%%

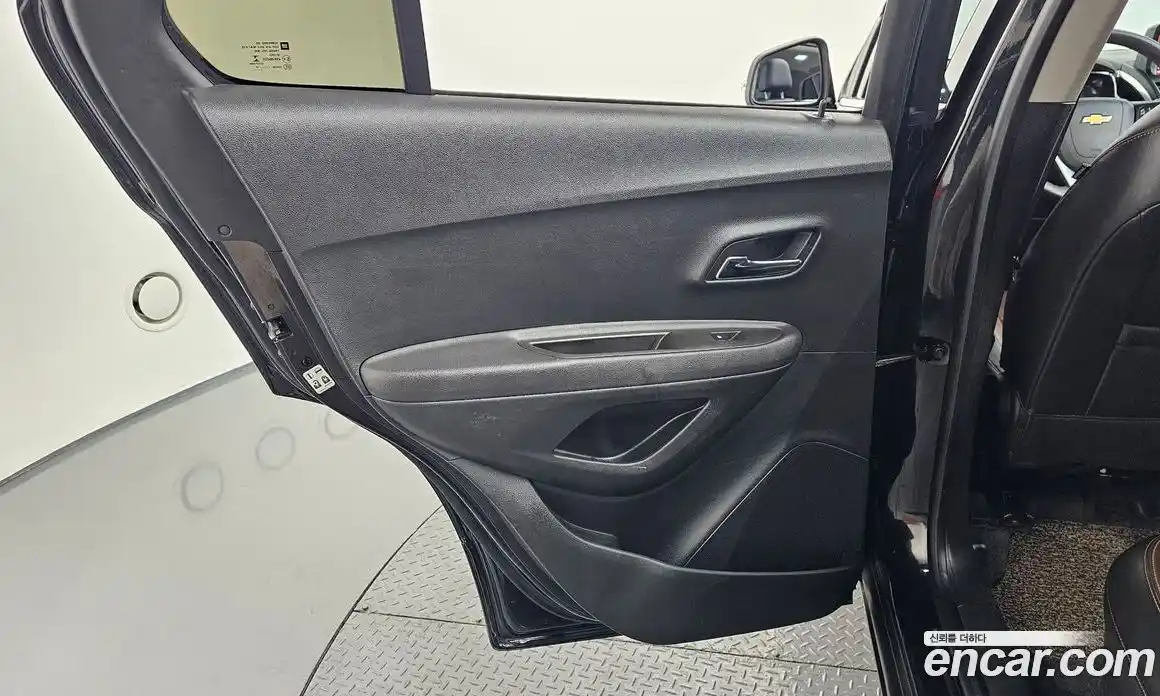 Chevrolet Trax 2013 1.4 гидро в Москве № 2128111, фото 15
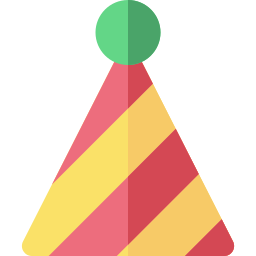 Party hat icon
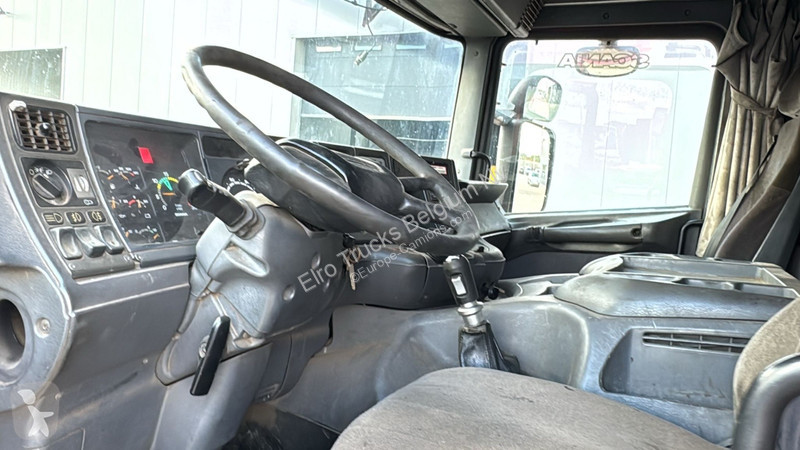 Kamion Scania - 380 (6X4 / GRAND PONT / LAMES /...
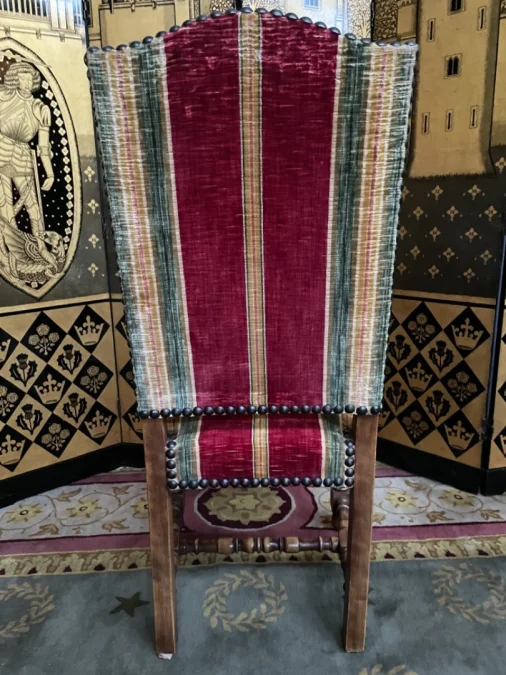LOUIS XIII STIJL STOELEN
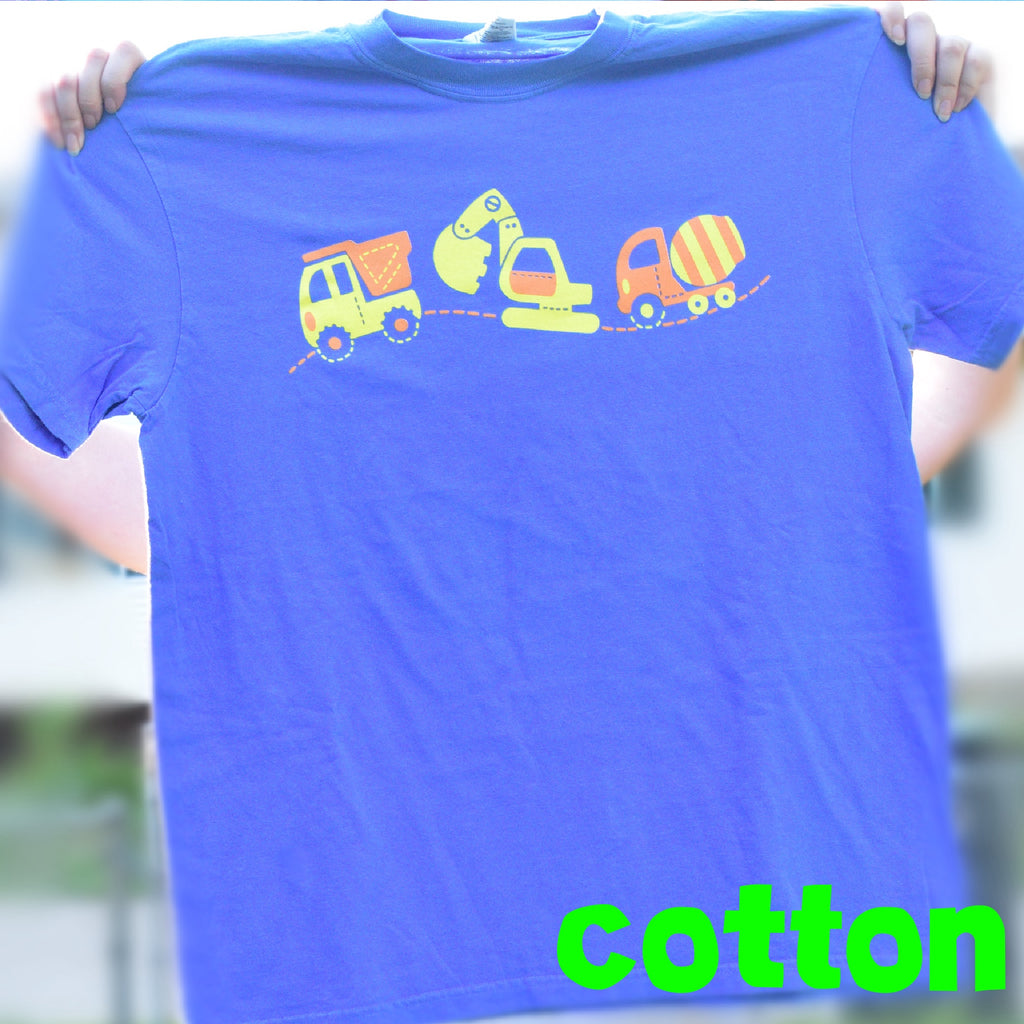 Construction Zone Tee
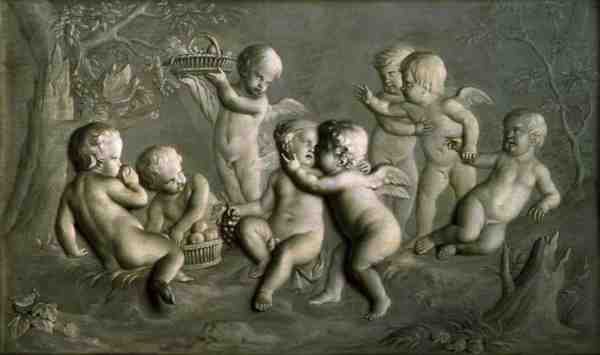 Juvenile Bacchanalia, 1783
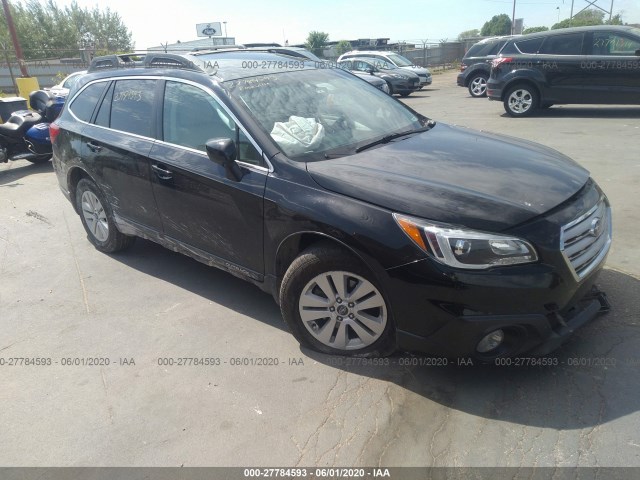 SUBARU OUTBACK 2016 4s4bsadc3g3300651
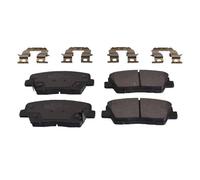 SWAG 33 10 7139 Kit pastiglie freni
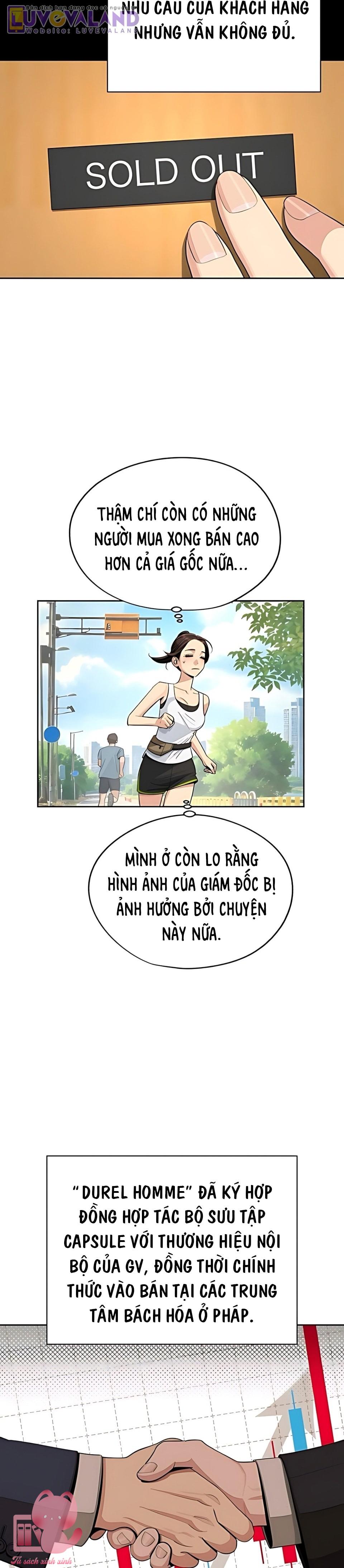 Tình Yêu Của Iseop - Chap 94 - Trang 3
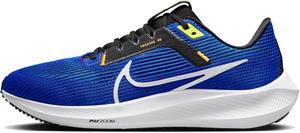 Кроссовки унисекс Nike Zoom Pegasus 40, Racer Blue White Black Sundial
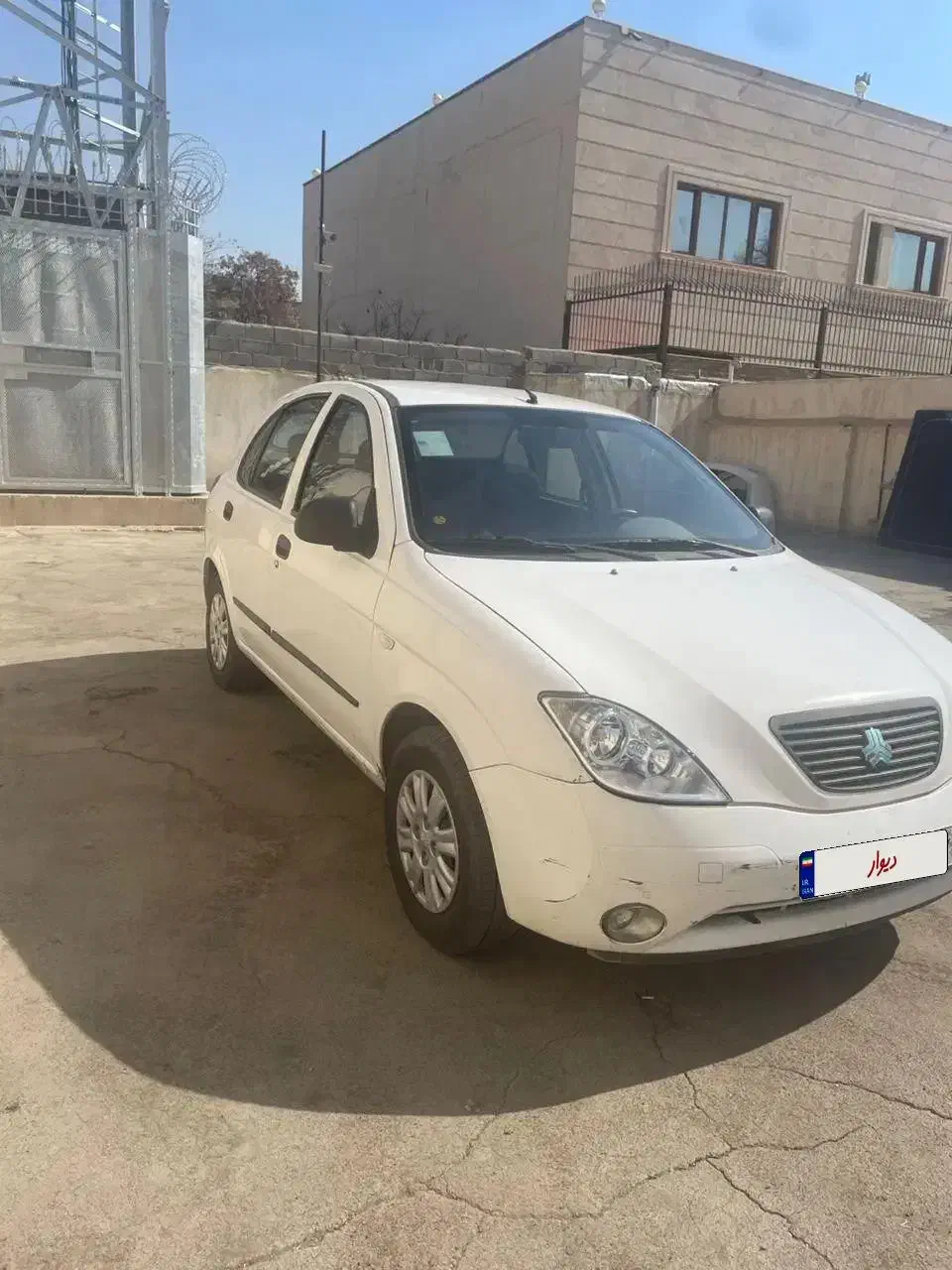 تیبا ۲|خودرو سواری و وانت|هشتگرد, فاز ۱ مهستان|دیوار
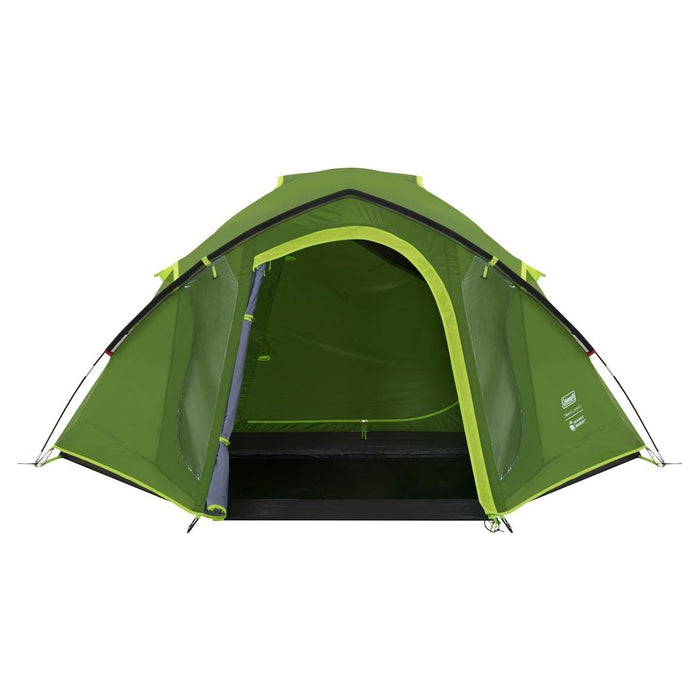 Coleman Darwin 4 Plus BlackOut Tent Coleman - Dynamic Drive
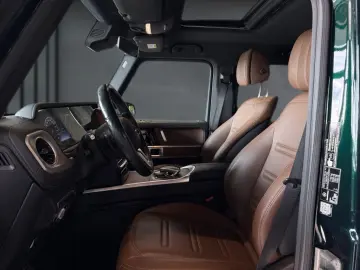 MERCEDES-BENZ G 350 d AMG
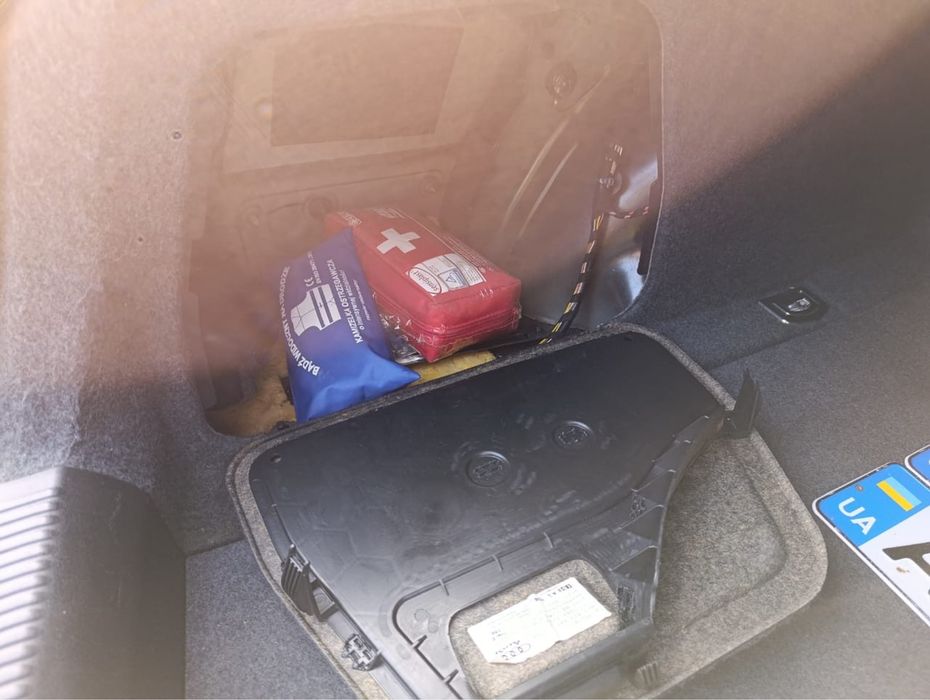 Audi A4 B8 2008 1.8TFSI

%%

▶ [WORK ITEM]:
The records above must be echoed exactly, minus their pictures.

▶ [OUTPUT BELOW]:
 Chevrolet Trax 2013 1.4 гидро в Москве № 2128111, фото 15
 Party hat icon
 Kamion Scania - 380 (6X4 / GRAND PONT / LAMES /...
LOUIS XIII STIJL STOELEN
 Construction Zone Tee
 Juvenile Bacchanalia, 1783
 SUBARU OUTBACK 2016 4s4bsadc3g3300651
 SWAG 33 10 7139 Kit pastiglie freni
 Tình Yêu Của Iseop - Chap 94 - Trang 3
 Кроссовки унисекс Nike Zoom Pegasus 40, Racer Blue White Black Sundial
 تیبا ۲|خودرو سواری و وانت|هشتگرد, فاز ۱ مهستان|دیوار
 Coleman Darwin 4 Plus BlackOut Tent Coleman - Dynamic Drive
 MERCEDES-BENZ G 350 d AMG
 Audi A4 B8 2008 1.8TFSI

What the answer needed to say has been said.